Your objective » In the data below, begin at the line with "17 Ağustos. Tek" and stop after the line with "2023 GG original"; output those lines exactly and no pictures.

Entries provided »
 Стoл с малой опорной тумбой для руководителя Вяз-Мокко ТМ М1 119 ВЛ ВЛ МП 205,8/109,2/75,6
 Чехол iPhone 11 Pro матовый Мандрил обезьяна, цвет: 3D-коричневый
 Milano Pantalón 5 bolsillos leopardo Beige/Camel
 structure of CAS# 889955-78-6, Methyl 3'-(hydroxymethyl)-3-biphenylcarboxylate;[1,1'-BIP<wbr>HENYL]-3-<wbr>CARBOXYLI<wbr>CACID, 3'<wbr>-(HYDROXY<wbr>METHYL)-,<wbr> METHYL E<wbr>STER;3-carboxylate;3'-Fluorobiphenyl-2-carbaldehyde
* * *
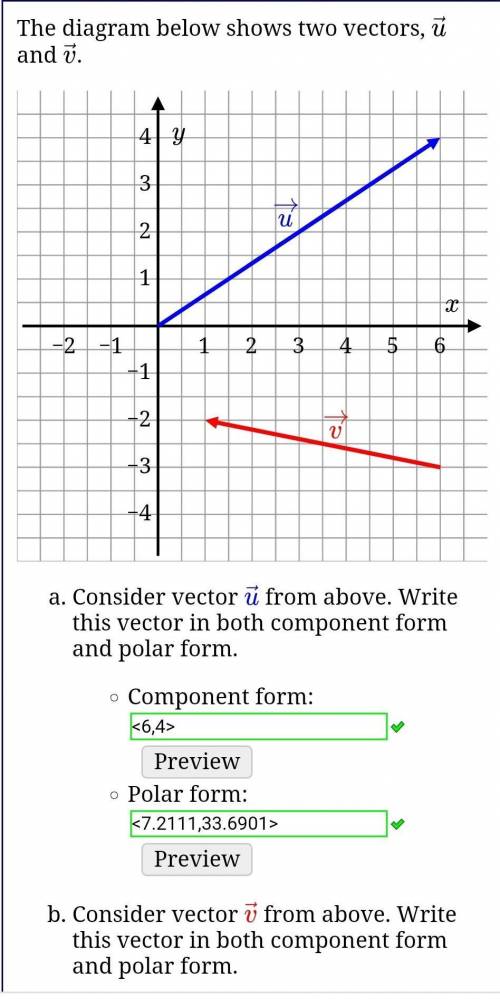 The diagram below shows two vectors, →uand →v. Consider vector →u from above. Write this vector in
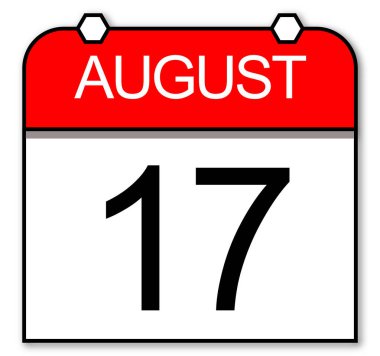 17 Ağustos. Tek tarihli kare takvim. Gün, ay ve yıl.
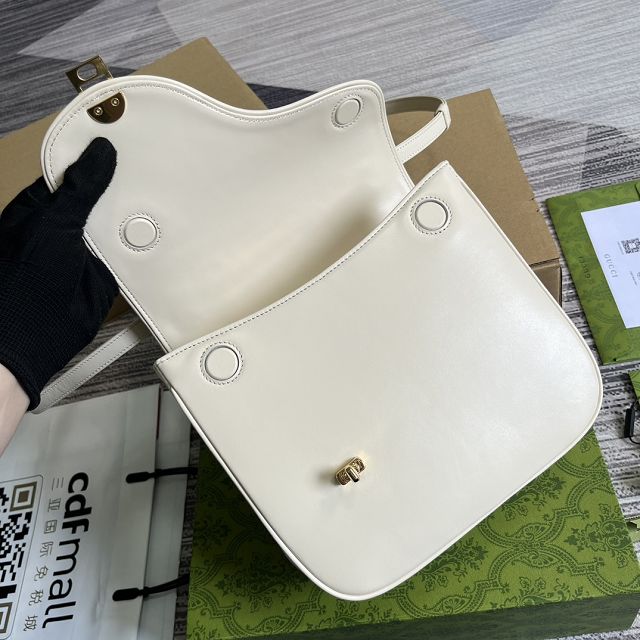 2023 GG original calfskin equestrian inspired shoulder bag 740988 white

Result »
 17 Ağustos. Tek tarihli kare takvim. Gün, ay ve yıl.
 2023 GG original calfskin equestrian inspired shoulder bag 740988 white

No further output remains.